Suggested Reviewers data usage
How it works
Suggested Reviewers is the first user-facing GitLab machine learning (ML) powered feature. It leverages a project’s contribution graph to generate suggestions. This data already exists within GitLab including merge request metadata, source code files, and GitLab user account metadata.
Enabling the feature
When a Project Maintainer or Owner enables Suggested Reviewers in project settings, GitLab kicks off a data extraction job for the project which leverages the Merge Request API to understand pattern of review including recency, domain experience, and frequency to suggest an appropriate reviewer. If projects do not use the merge request approval process or do not have any historical merge request data, Suggested Reviewers cannot suggest reviewers.
This data extraction job can take a few hours to complete (possibly up to a day), which is largely dependent on the size of the project. The process is automated and no action is needed during this process. Once data extraction is complete, you start getting suggestions in merge requests.
Generating suggestions
Once Suggested Reviewers is enabled and the data extraction is complete, new merge requests or new commits to existing merge requests automatically trigger a Suggested Reviewers ML model inference and generate up to 5 suggested reviewers. These suggestions are contextual to the changes in the merge request. Additional commits to merge requests may change the reviewer suggestions, which are automatically updated in the reviewer dropdown list.
Progressive enhancement
This feature is designed as a progressive enhancement to the existing GitLab Reviewers functionality. The GitLab Reviewer UI only offers suggestions if the ML engine is able to provide a recommendation. In the event of an issue or model inference failure, the feature gracefully degrades. At no point with the usage of Suggested Reviewers prevent a user from being able to manually set a reviewer.
Model Accuracy
Organizations use many different processes for code review. Some focus on senior engineers reviewing junior engineer’s code, others have hierarchical organizational structure based reviews. Suggested Reviewers is focused on contextual reviewers based on historical merge request activity by users. While we continue evolving the underlying ML model to better serve various code review use cases and processes Suggested Reviewers does not replace the usage of other code review features like Code Owners and Approval Rules. Reviewer selection is highly subjective therefore, we do not expect Suggested Reviewers to provide perfect suggestions every time.
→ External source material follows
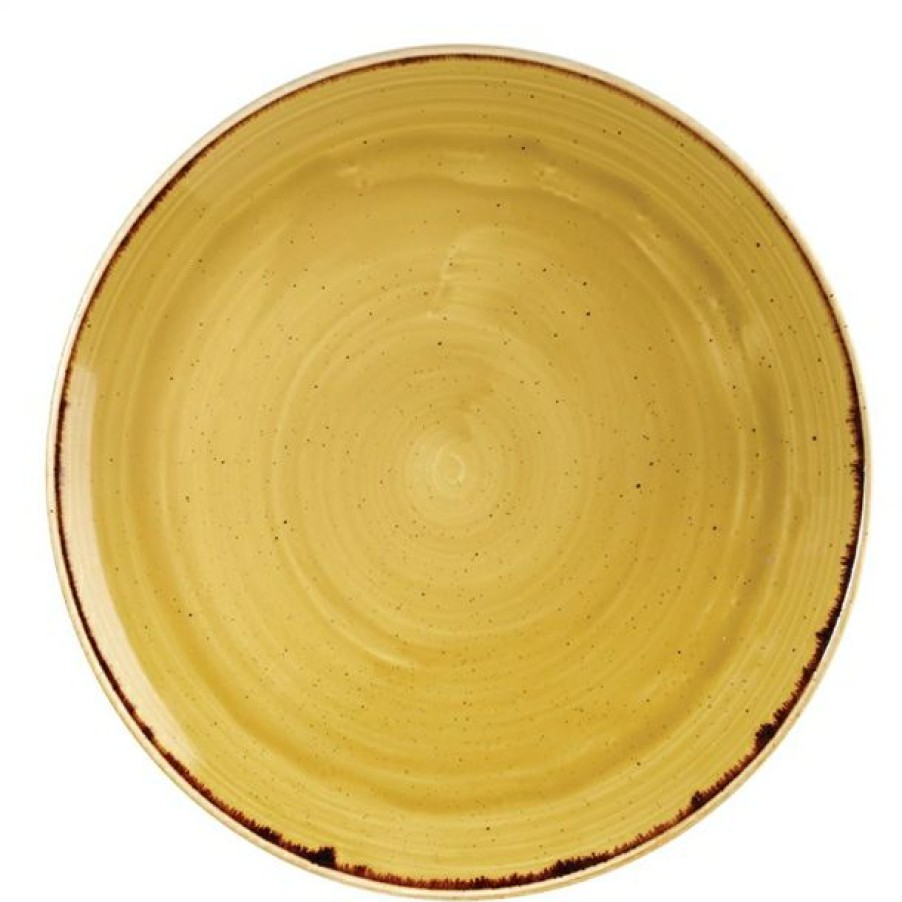 Crockery * | Top Sell Churchill Stonecast Round Coupe Plate Mustard Seed Yellow 288Mm (Pack Of 12)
Through analysis of beta customer usage, we find that the Suggested Reviewers ML model provides suggestions that are adopted in 60% of cases. We plan to introduce a feedback mechanism into the Suggested Reviewers feature in the future to allow users to flag bad reviewer suggestions to help improve the model. Additionally we plan to offer an opt-in feature in the future which allows the model to use your project’s data for training the underlying model.
Off by default
Suggested Reviewers is off by default and requires a Project Owner or Admin to enable the feature.
Data privacy
Suggested Reviewers operates completely within the GitLab.com infrastructure providing the same level of privacy and security of any other feature of GitLab.com.
No new additional data is collected to enable this feature. GitLab infers your merge request against a trained machine learning model. The content of your source code is not used as training data. Your data also never leaves GitLab.com, all training and inference is done within GitLab.com infrastructure.